Assigned task » Each record below is to be copied exactly; the pictures are to be omitted.

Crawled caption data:
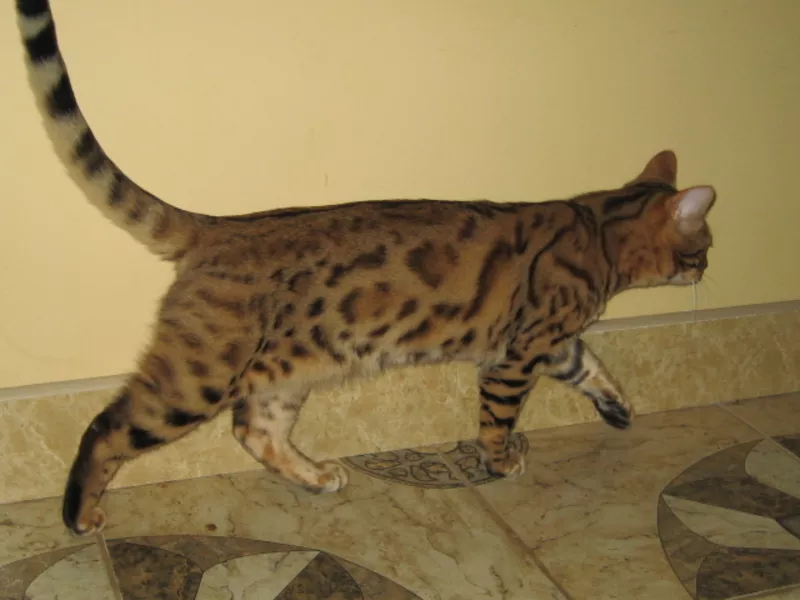 Бенгальские   котята (пятнистые леопардики)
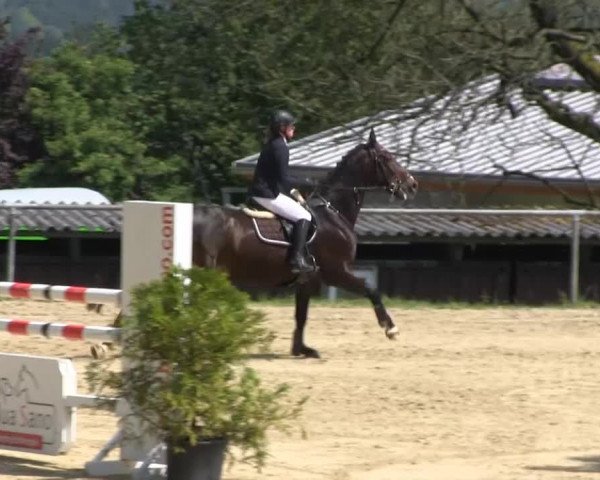 Großes Reit- und Springturnier Bühren-Breckerfeld 2014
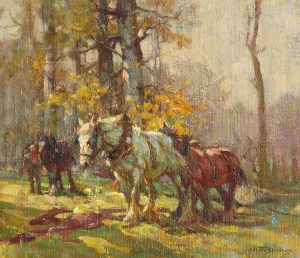 Autumn Woodland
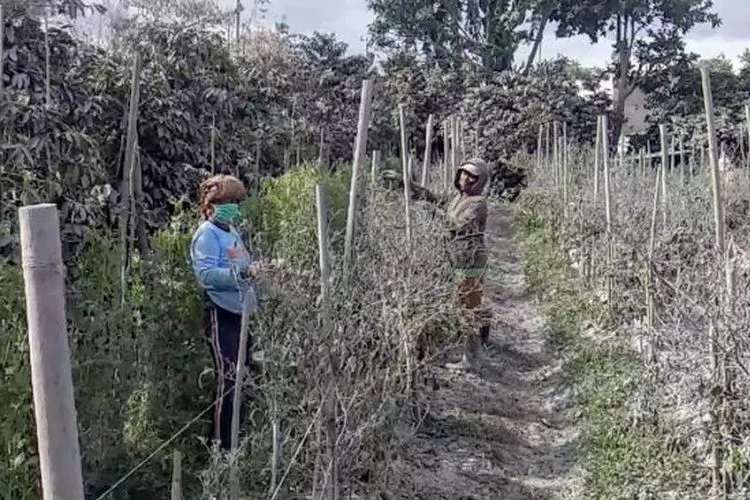 Kondisi ladang warga di Kecamatan Namanteran Kabupaten Karo, Sumatera Utara tertutup abu erupsi Gunung Sinabung. [Istimewa]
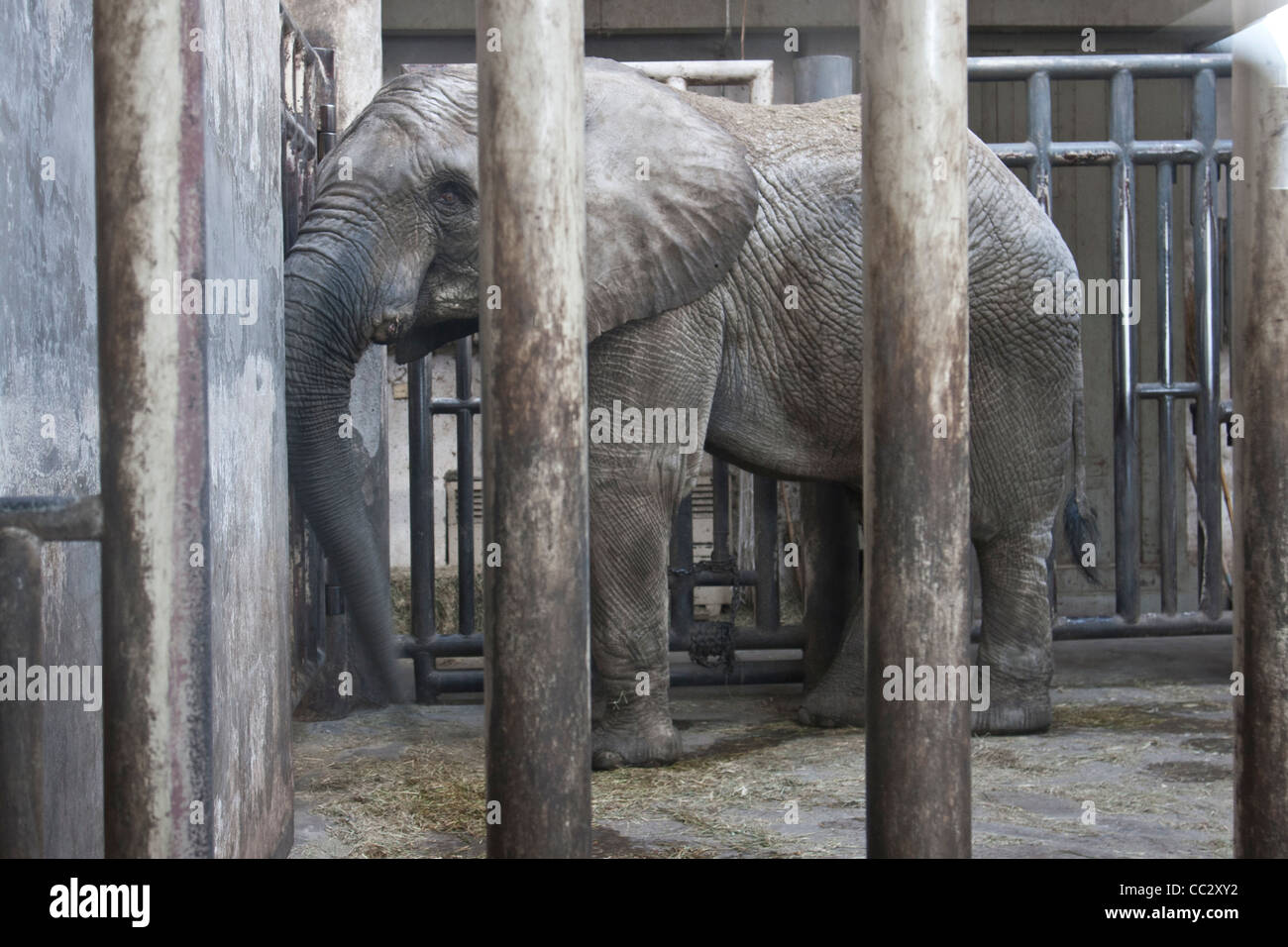 elephant in jail Stock Photo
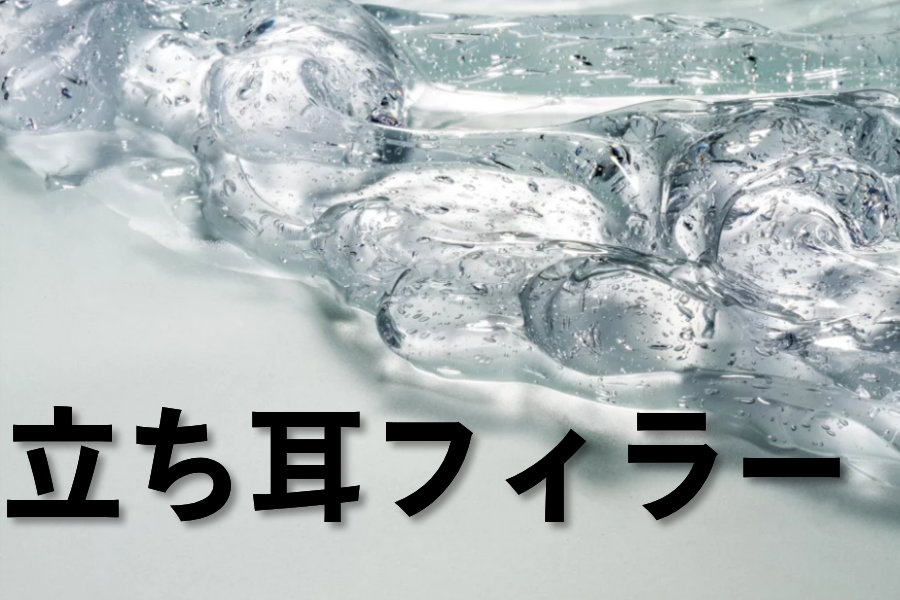 立ち耳フィラー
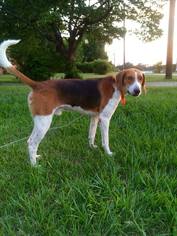 English Foxhound Dogs for adoption in Perry, GA, USA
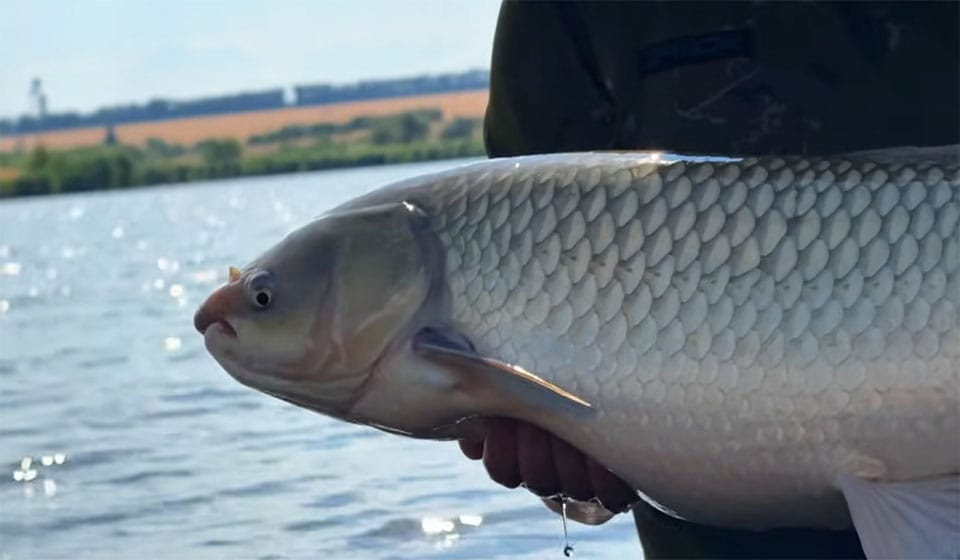На що ловити білого амура: топ-5 насадок для літа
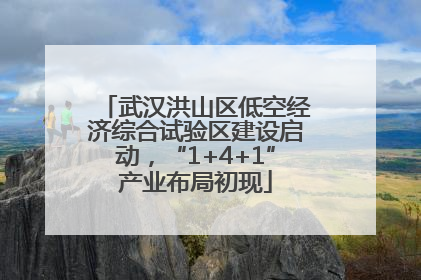武汉洪山区低空经济综合试验区建设启动，“1+4+1”产业布局初现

Solution for this exercise »
 Бенгальские   котята (пятнистые леопардики)
 Großes Reit- und Springturnier Bühren-Breckerfeld 2014
 Autumn Woodland
 Kondisi ladang warga di Kecamatan Namanteran Kabupaten Karo, Sumatera Utara tertutup abu erupsi Gunung Sinabung. [Istimewa]
 elephant in jail Stock Photo
 立ち耳フィラー
 English Foxhound Dogs for adoption in Perry, GA, USA
На що ловити білого амура: топ-5 насадок для літа
武汉洪山区低空经济综合试验区建设启动，“1+4+1”产业布局初现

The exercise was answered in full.